Question

This problem is similar in spirit to Example 12 (in the chapter) and Problem 15 (at the end of the chapter). I'd strongly suggest that you master those two problems before attempting this problem. Make sure that you draw a high quality, detailed timeline – similar in quality to those in Example 12 and Problem 15. Assume that you wish to begin saving for your child’s college education via making deposits into an investment account that is expected to earn 8% per year for the first 14 years. After year 14, you will place the money in a less risky investment account that is expected to earn only 5% per year, for as long as you have money in the account. You currently have $5,000 available, and you will deposit that amount into the savings account today. Thereafter you have decided to make savings deposits 3, 4, 5, … , 9 and 10 years from today. Each of these deposits will be larger than the prior deposit by 7%. You’ve estimated that one year of college will cost $52,000 in 18 years, and that the three subsequent years will each cost 5% more than the prior year. Determine the size of the first deposit required at time 3. Hint: The answer is NOT $9475.37. If you got this, you did not deal with the $5000 at t = 0 at all. Hint: The correct answer is between $8600 and $8700.

Answer 1

First, set-up the time-line as follows:

Beginning of Year	Starting Money	Add-on Investment	Cash-out-flow	Rate	Interest	Ending Money
0	This will be equal to 5000 for starting point. There-after it will be equal to what-ever was the closing value of the last year.	From beginning of year 3, till year 10, there will be value here. Assume value in year 3 is "X" and there-after, increase figure by 7% each year till year 10	This will not have any value till year 17. For year 18, put the value 52,000 (tuition payments are due beginning of the year)	This will be 8% for first 14 years after which it will be 5%	This will be equal to (Opening money + add-on invest - cash outflow) * rate (Assumption is that the add-on investment will be done at the beginning of the year)	This will be equal to Opening money + add-on investment - cash out-flow +interest

Once the above table is set-up, you can solve for X either algebraically. The assumption will be that at the end of the college, the fund value in the account will be zero.

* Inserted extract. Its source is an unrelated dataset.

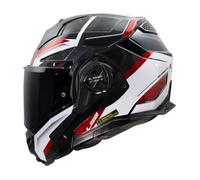 Casque moto modulable LS2 FF901 Advant X Spectrum - black/white/red - Noir - L (59/60 cm)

You can also use any type of spread-sheet to solve this problem. In that case, for year 3's add-on investment, assume the investment to be $8650 (average of the range of the answer). Then use a tool like "goal seek" to set the closing fund-value as zero and change the figure of investment in year 3.

The answer will be $8,662 investment required in year 3. The full calculation is shown below.

Beginning of Year	Starting Money	Add-on Investment	Cash-out-flow	Rate	Interest	Ending Money
0	5000			8%	400	5400
1	5400			8%	432	5832
2	5832			8%	467	6299
3	6299	8662		8%	1197	16158
4	16158	9269		8%	2034	27460
5	27460	9917		8%	2990	40368
6	40368	10612		8%	4078	55058
7	55058	11354		8%	5313	71725
8	71725	12149		8%	6710	90584
9	90584	13000		8%	8287	111870
10	111870	13910		8%	10062	135842
11	135842			8%	10867	146710
12	146710			8%	11737	158446
13	158446			8%	12676	171122
14	171122			5%	8556	179678
15	179678			5%	8984	188662
16	188662			5%	9433	198095
17	198095			5%	9905	208000
18	208000		52000	5%	7800	163800
19	163800		54600	5%	5460	114660
20	114660		57330	5%	2866	60196
21	60196		60197	5%	0	0

Do let me know in case of any questions.